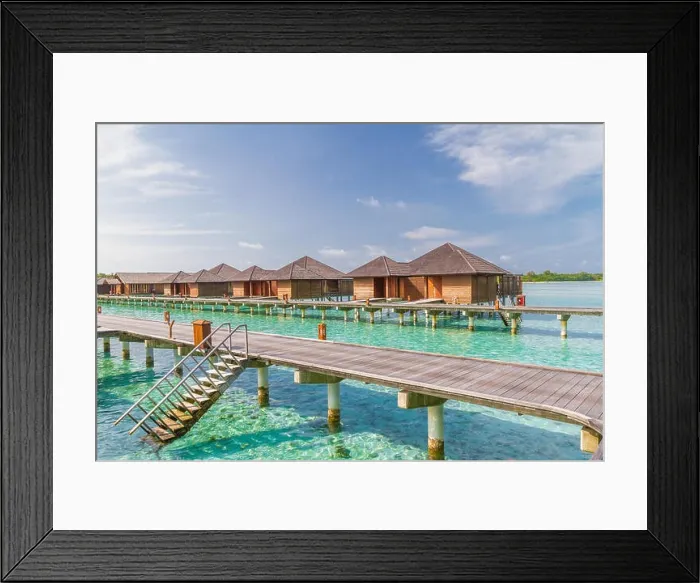 Framed Print : Luxury over water villas in Maldives, wooden jetty and blue lagoon Framed Print : Luxury over water villas in Maldives, wooden jetty and blue lagoon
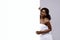 Beautiful Black Woman Wrapped In Towel After Bath Holding White Advertisement Board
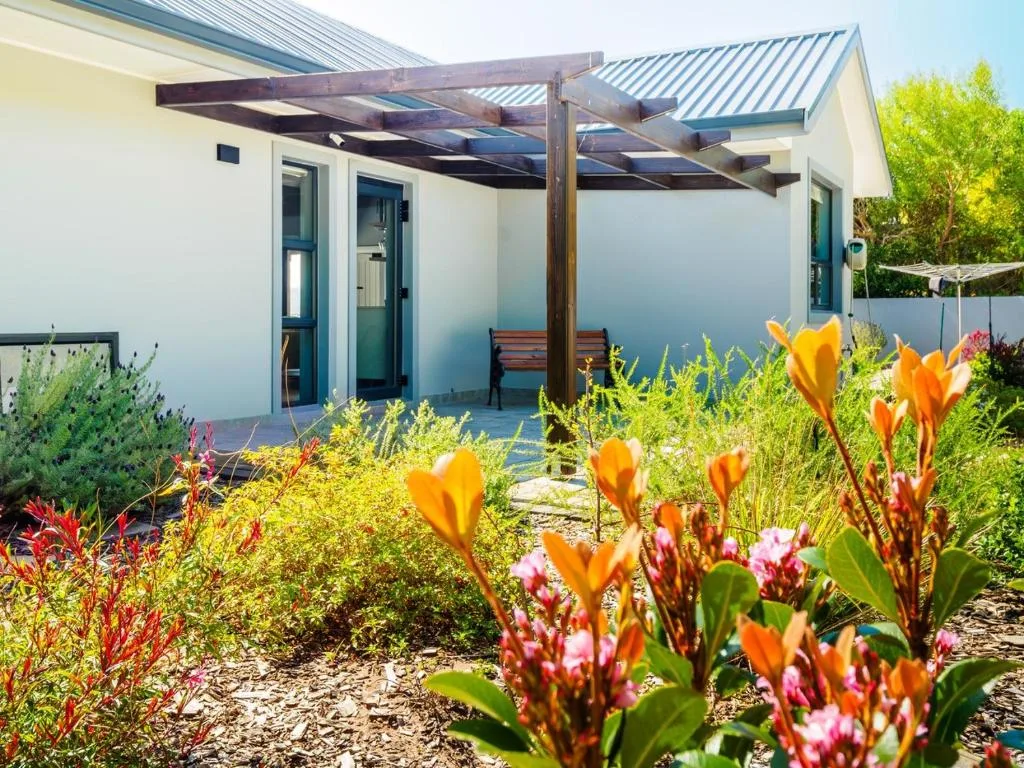 Modern pergola-covered patio with colorful flowering garden and wooden bench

→ WHAT THE TASK ASKS
Write out exactly the lines from the line that contains "Beautiful Black Woman" to the last line of the material above, both included; pictures do not belong in the copy.

→ EXERCISE RESPONSE
 Beautiful Black Woman Wrapped In Towel After Bath Holding White Advertisement Board
 Modern pergola-covered patio with colorful flowering garden and wooden bench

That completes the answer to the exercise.